FDP Oberbayern: Brexit für die Menschen und die Wirtschaft gestalten

Am 29. März reichte Premierministerin Theresa May das Austrittsgesuch beim Europäischen Rat ein. Das ist der erste Schritt zum Brexit und markiert den Beginn von langen und schwierigen Austrittsverhandlungen zwischen dem Vereinigten Königreich und der Europäischen Union.

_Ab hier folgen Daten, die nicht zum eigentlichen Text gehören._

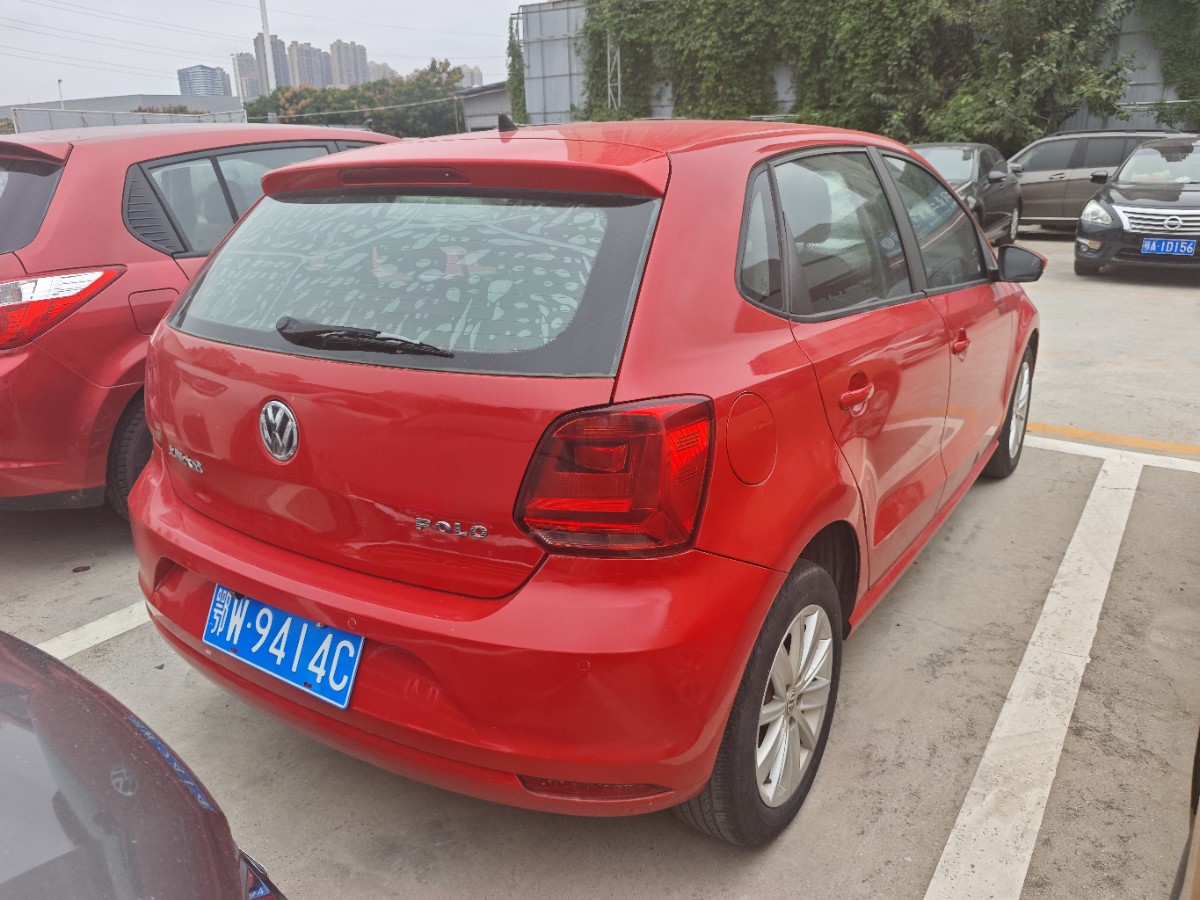 Volkswagen Polo 2014 imagem de carro #3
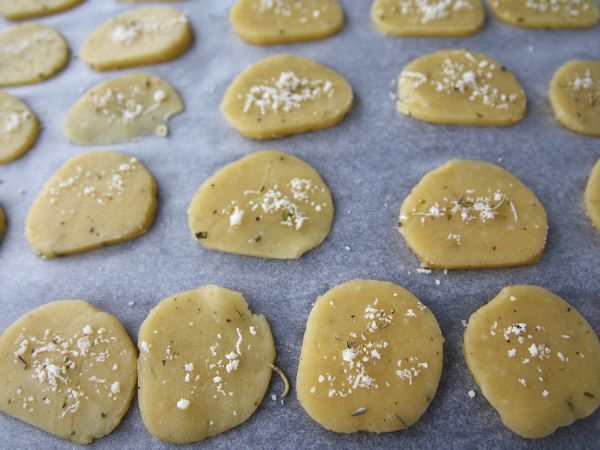 Parmesaanikeksit ja yrttikeksit - Valmistelu askel 4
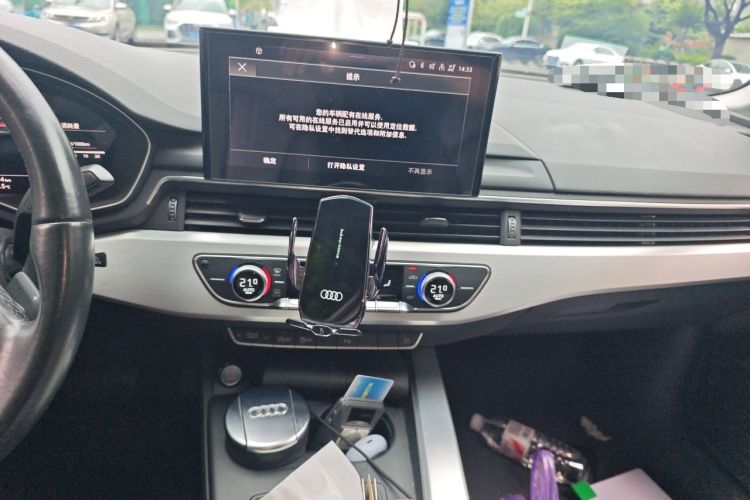 Used Audi A4L 2022 40 TFSI Fashion Dynamic Model Audio And AC Panel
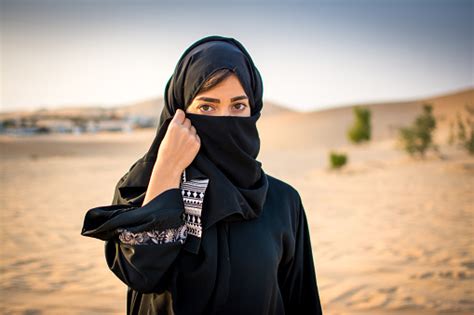 Çölde Geleneksel Arap Giysili Güzel Müslüman Kadının Portresi Stok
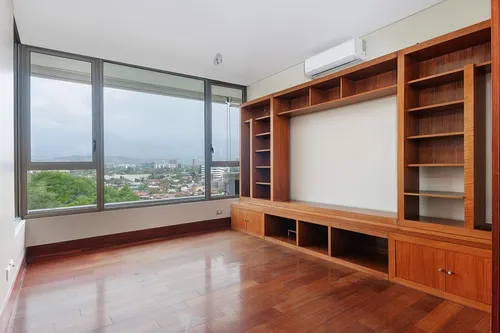Vende Penthouse Vista Despejada Al Oriente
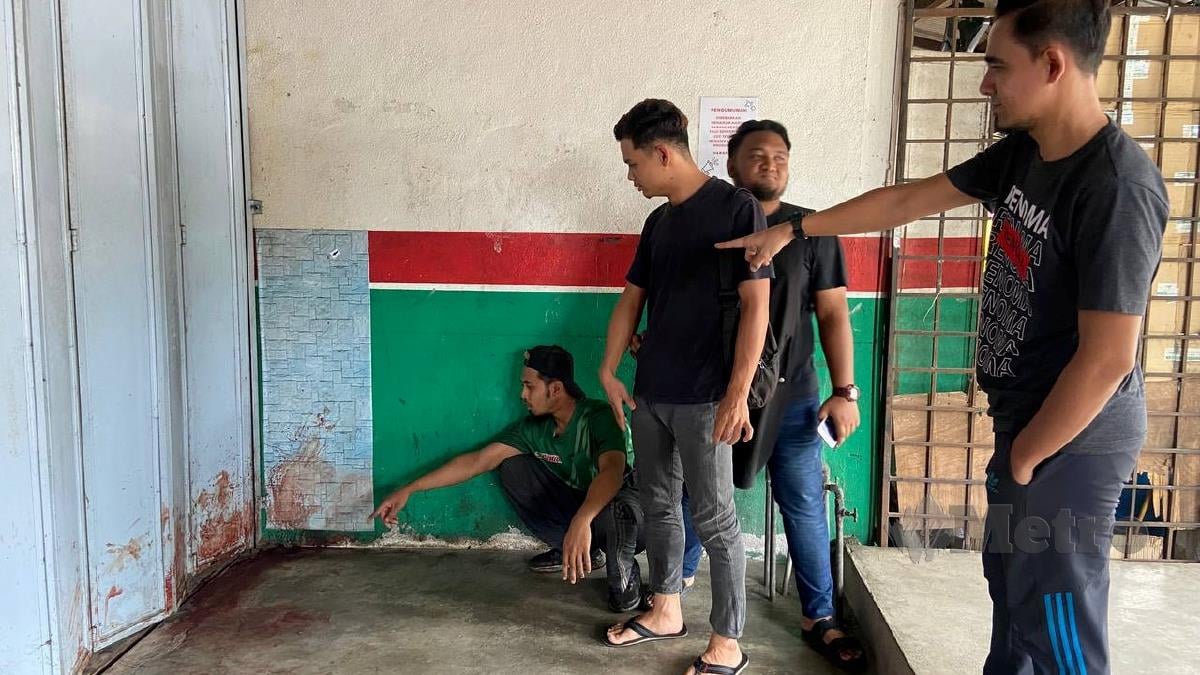 SAKSI menunjukkan kesan darah mangsa yang terbabit dalam pergaduhan di sebuah kedai di Kampung Cabang Sungai Hala. FOTO Hazira Ahmad Zaidi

Der Brexit wird nicht nur große Auswirkungen auf die Europäische Union als Ganzes, sondern auch auf Oberbayern im Einzelnen haben. Viele oberbayerische Unternehmen würden durch einen Brexit einen wichtigen Markt verlieren. Bayern und Großbritannien sind wirtschaftlich miteinander sehr eng verbunden. Das Vereinigte Königreich ist für den Freistaat der zweitwichtigste Absatzmarkt. Große Einbußen müssten dann vor allem die Automobilbranche, der Maschinenbau sowie die Lebensmittelindustrie ertragen. „Deshalb ist es wichtig, dass nicht nur für die bayrischen Unternehmen, sondern auch für die in Bayern und Deutschland lebenden Briten möglichst schnell Rechtssicherheit geschaffen wird. Hierzu fordern wir die Landes- und insbesondere die Bundesregierung auf!“, so der Bezirksvorsitzende Jimmy Schulz.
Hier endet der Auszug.